◆ **Recorded information**
+ + + + +

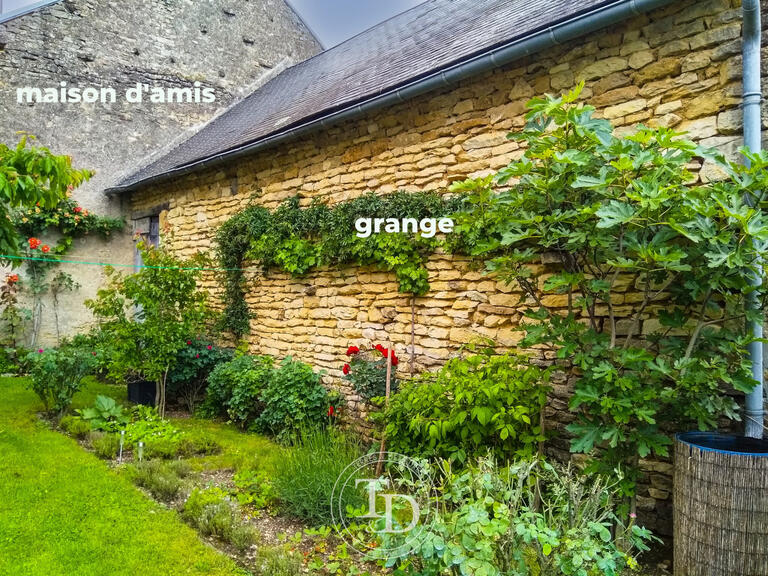 Property Vézelay - 8 bedrooms
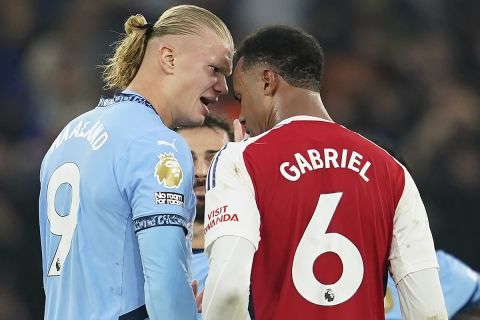 Manchester City's Erling Haaland has a disagreement with Arsenal's Gabriel during the English Premier League soccer match between Manchester City and Arsenal at the Etihad stadium in Manchester, England, Sunday, Sept. 22, 2024. (AP Photo/Dave Thompson)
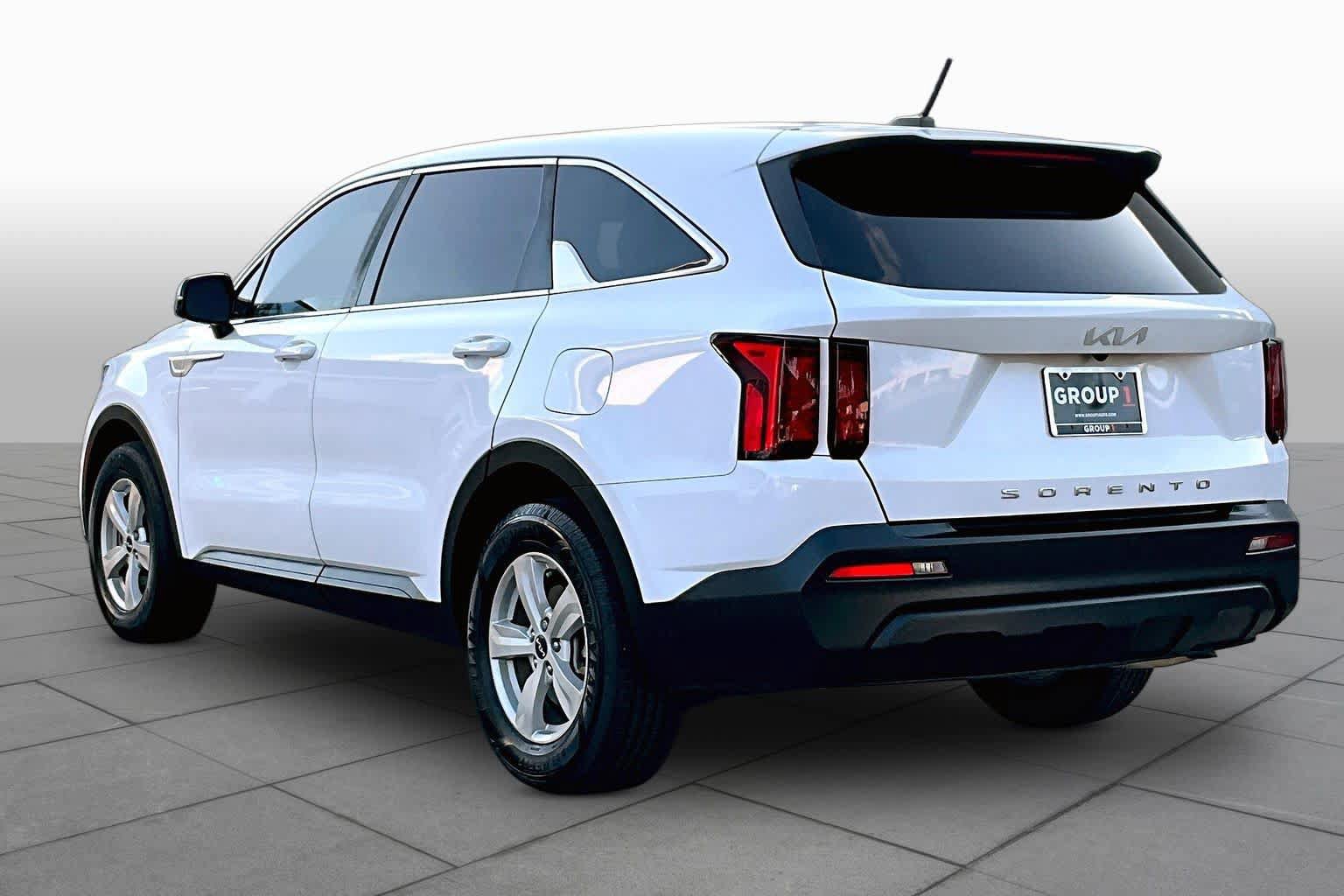 Used 2022 Kia Sorento LX FWD image 12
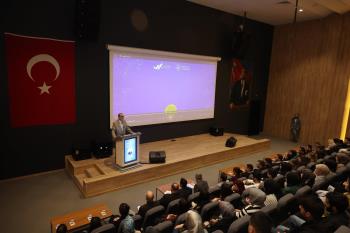 Üniversitemizde Rektör-Öğrenci Buluşması Yoğun İlgiyle Gerçekleştirildi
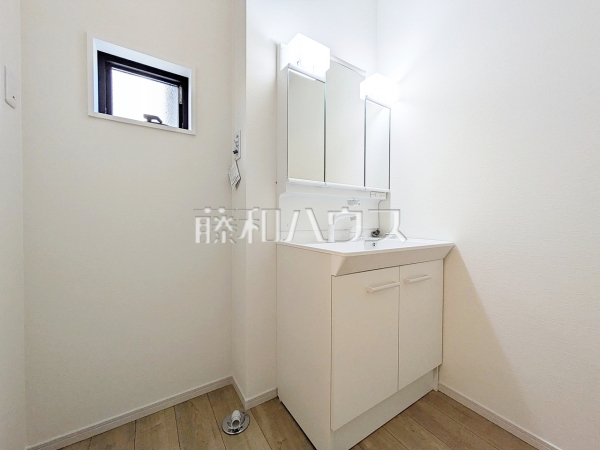 2号棟　洗面室　【三鷹市大沢５丁目】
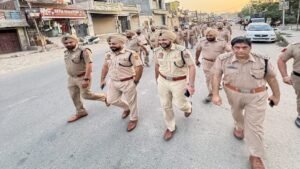 मोगा में नगर निगम चुनावों से पहले पुलिस का विशाल फ्लैग मार्च, सुरक्षा व्यवस्था कड़ी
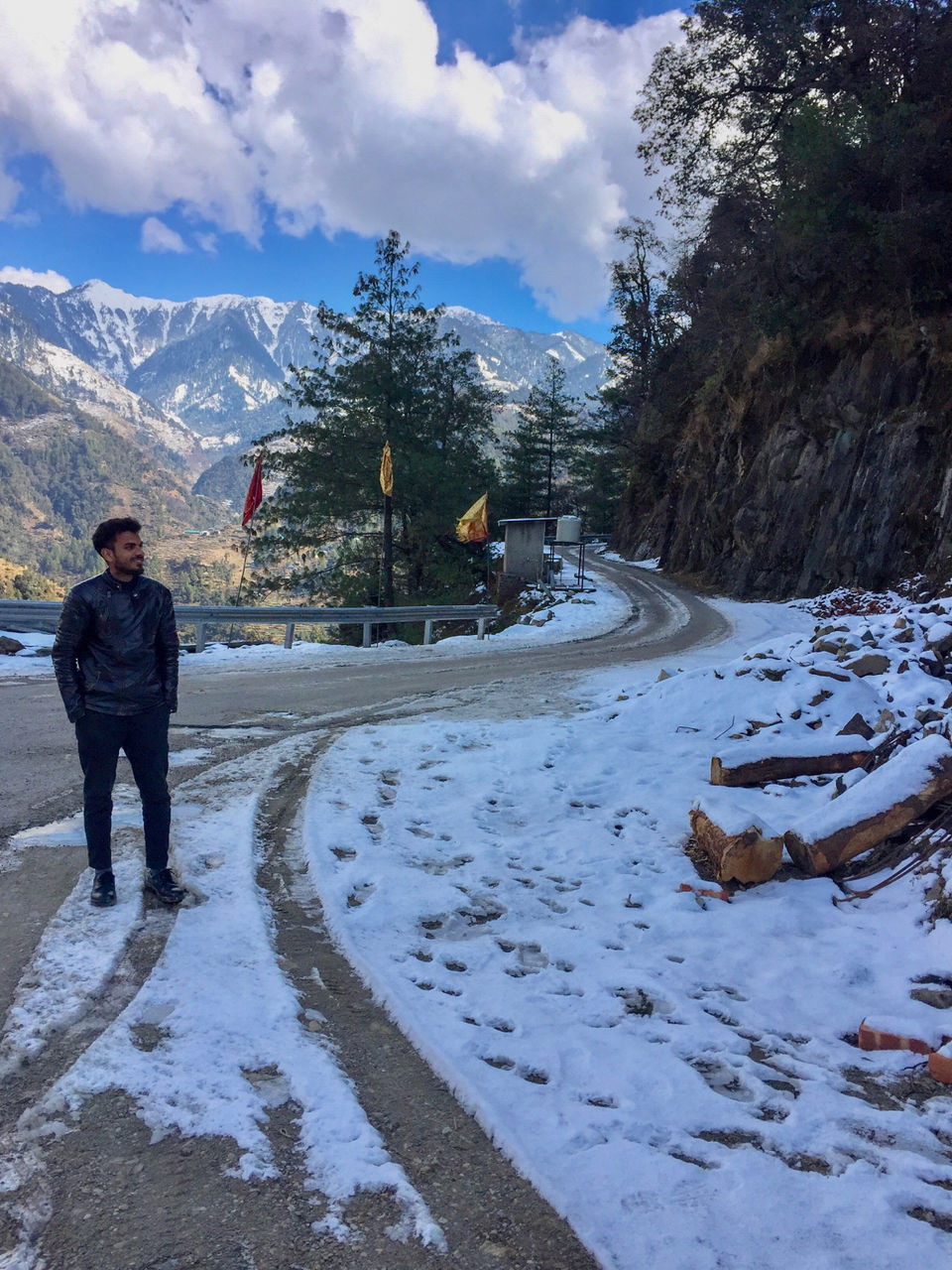 Photo of Barot Valley, Distt Mandi, Himachal Pradesh, India by Shuab Khan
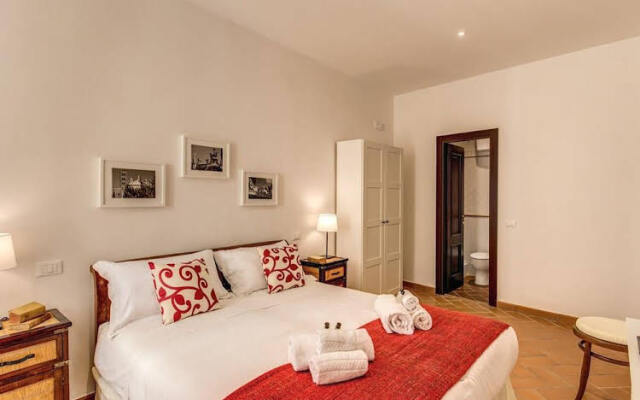 Trevi Fountain Elegant Two Bedrooms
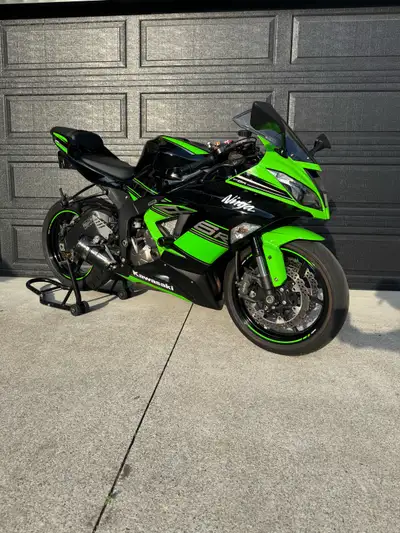 Selling my 2016 Kawasaki Ninja ZX-6R 636. The bike is in excellent condition and has been very well...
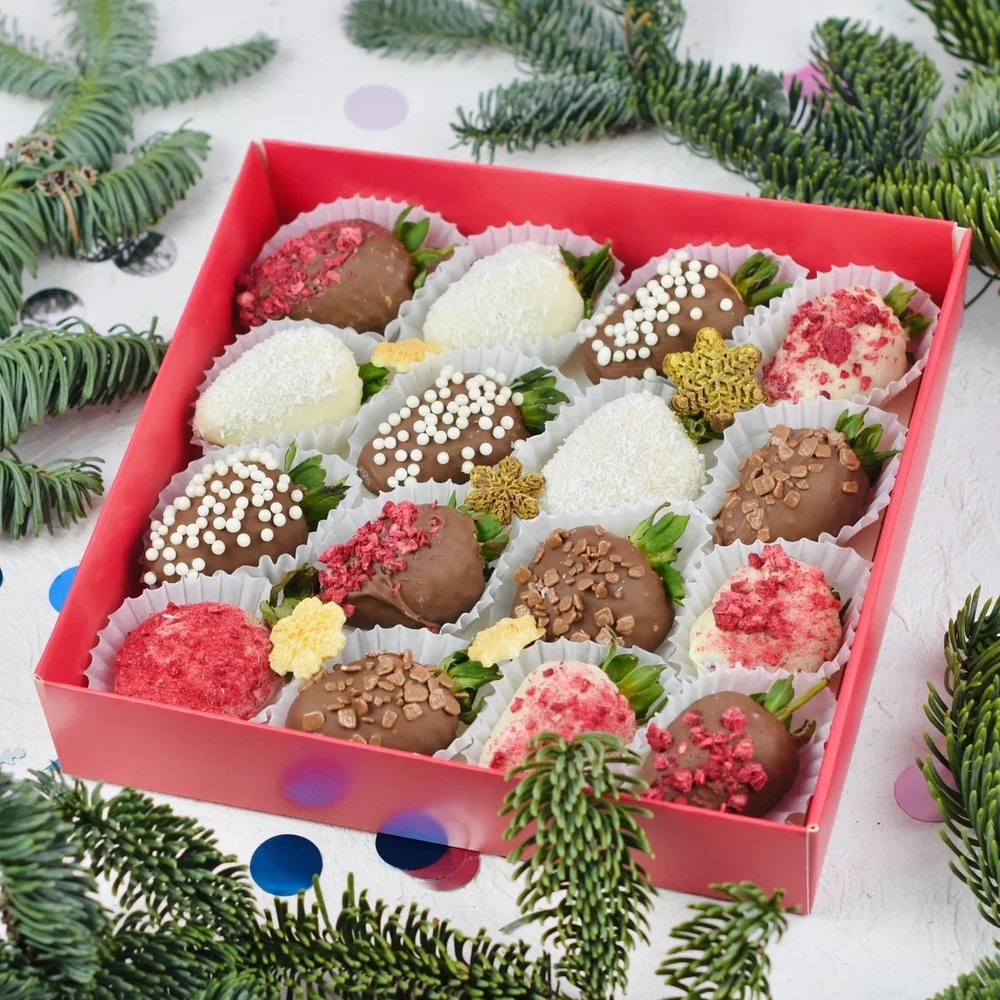 Клубника в шоколаде «Праздничный», 16 ягод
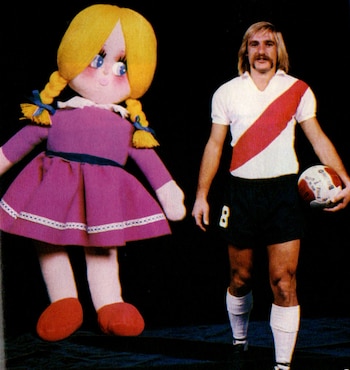 El paso por River de Reinaldi también significó más repercusión mediática, como la producción fotográfica de la revista El Gráfico al lado de la muñeca de la cual tomó su apodo.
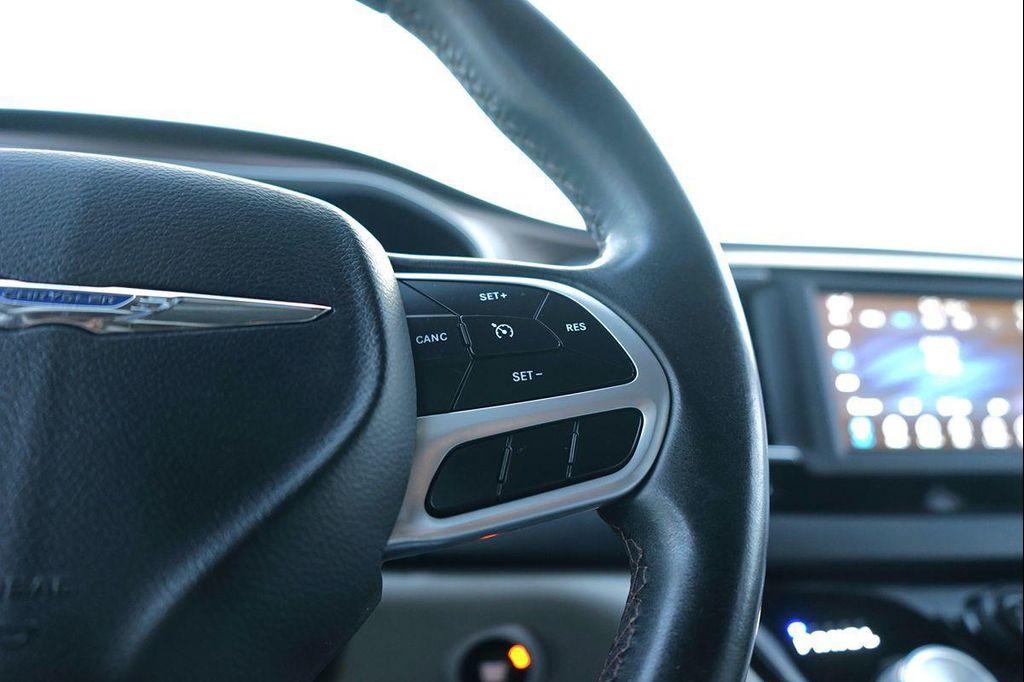 used 2018 Chrysler Pacifica car, priced at $13,900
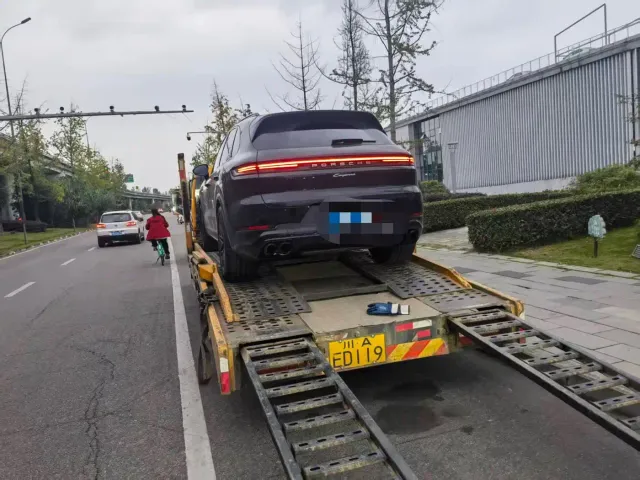 Porsche Cayenne — Фото автомобиля 10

+ + + + +

◆ **The task**
Skip all pictures. Copy exactly the lines from the one containing "Trevi Fountain Elegant Two Bedrooms" through the end of the records, both ends included.

◆ **Answer for this exercise**
 Trevi Fountain Elegant Two Bedrooms
 Selling my 2016 Kawasaki Ninja ZX-6R 636. The bike is in excellent condition and has been very well...
 Клубника в шоколаде «Праздничный», 16 ягод
 El paso por River de Reinaldi también significó más repercusión mediática, como la producción fotográfica de la revista El Gráfico al lado de la muñeca de la cual tomó su apodo.
 used 2018 Chrysler Pacifica car, priced at $13,900
 Porsche Cayenne — Фото автомобиля 10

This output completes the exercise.